L’affaire concerne un différend qui opposait un conducteur, à l’origine d’un accident de voiture ayant causé la mort de deux personnes en 1994, et le journal belge Le Soir, qui avait relaté l’accident et fait apparaître le nom complet du conducteur dans un article mis en ligne et accessible gratuitement. 

Condamné pour l’accident en 2000, le conducteur avait purgé sa peine et bénéficié de l’effacement de sa condamnation de son casier judiciaire en 2006. Il avait ensuite obtenu devant la justice belge l’anonymisation de son nom dans l’article relatant l’accident, anonymisation contestée devant la CEDH par l’éditeur du journal Le Soir, au nom de la liberté d’expression. 

Les juges européens ont estimé, à la majorité de six voix contre une, que l’anonymisation de l’article permettait d’atteindre un «juste équilibre» entre le droit au respect de la vie privée du conducteur et la liberté d’expression de l’éditeur.
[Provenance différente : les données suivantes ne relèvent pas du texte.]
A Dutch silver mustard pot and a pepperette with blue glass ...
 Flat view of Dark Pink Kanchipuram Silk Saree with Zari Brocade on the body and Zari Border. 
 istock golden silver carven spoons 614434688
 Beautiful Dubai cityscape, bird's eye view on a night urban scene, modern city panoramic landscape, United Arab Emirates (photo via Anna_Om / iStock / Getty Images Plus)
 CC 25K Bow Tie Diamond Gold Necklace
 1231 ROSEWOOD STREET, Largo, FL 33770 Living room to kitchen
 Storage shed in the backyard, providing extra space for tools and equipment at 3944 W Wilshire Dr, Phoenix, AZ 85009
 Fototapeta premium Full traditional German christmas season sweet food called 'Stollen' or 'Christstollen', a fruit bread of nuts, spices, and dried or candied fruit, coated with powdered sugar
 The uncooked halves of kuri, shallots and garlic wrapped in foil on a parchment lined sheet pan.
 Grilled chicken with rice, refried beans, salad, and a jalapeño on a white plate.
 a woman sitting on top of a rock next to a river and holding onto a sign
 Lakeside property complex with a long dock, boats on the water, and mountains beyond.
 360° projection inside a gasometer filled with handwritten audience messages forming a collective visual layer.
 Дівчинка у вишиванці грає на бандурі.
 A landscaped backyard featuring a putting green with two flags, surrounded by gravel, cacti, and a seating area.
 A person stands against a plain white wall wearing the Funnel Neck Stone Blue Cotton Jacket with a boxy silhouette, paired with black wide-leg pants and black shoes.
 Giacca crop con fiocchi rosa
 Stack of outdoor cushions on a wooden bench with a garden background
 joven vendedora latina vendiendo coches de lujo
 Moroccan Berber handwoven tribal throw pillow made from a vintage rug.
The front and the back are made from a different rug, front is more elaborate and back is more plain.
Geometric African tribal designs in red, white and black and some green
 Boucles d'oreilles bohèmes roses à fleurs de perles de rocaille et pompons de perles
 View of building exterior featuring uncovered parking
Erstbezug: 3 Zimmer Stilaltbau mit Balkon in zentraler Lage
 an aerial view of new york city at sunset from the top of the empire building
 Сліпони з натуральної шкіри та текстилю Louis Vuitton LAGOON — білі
Ils ont rappelé qu’une simple recherche avec le nom du conducteur sur Google ou sur le site du journal faisait «immédiatement apparaître» l’article litigieux. Ils reconnaissent que cette décision constitue une «ingérence» dans la liberté d’expression, mais que celle-ci est nécessaire afin de ne pas créer un «casier judiciaire virtuel» au conducteur. Ils ont justifié la décision en soulignant que le conducteur est une «personne privée inconnue du grand public», que la publication de son nom n’apporte «aucune valeur ajoutée d’intérêt général», et que l’accident n’a eu «aucun retentissement». 

La Cour précise que cette décision «n’implique pas une obligation pour les médias de vérifier leurs archives de manière systématique», mais qu’elle implique de procéder «à une vérification» en cas de «demande expresse à cet effet».Un des sept juges a néanmoins émis une opinion dissidente, en estimant que l’anonymisation de l’article n’était pas nécessaire, et que le retrait de l’article des résultats des moteurs de recherche aurait été suffisant. 

En 2014, la Cour de justice de l’Union européenne (CJUE) avait consacré le «droit à l’oubli» numérique, en donnant aux citoyens – sous certaines conditions – la possibilité d’obtenir des moteurs de recherche le déréférencement, dans les résultats de recherches, d’informations les concernant directement.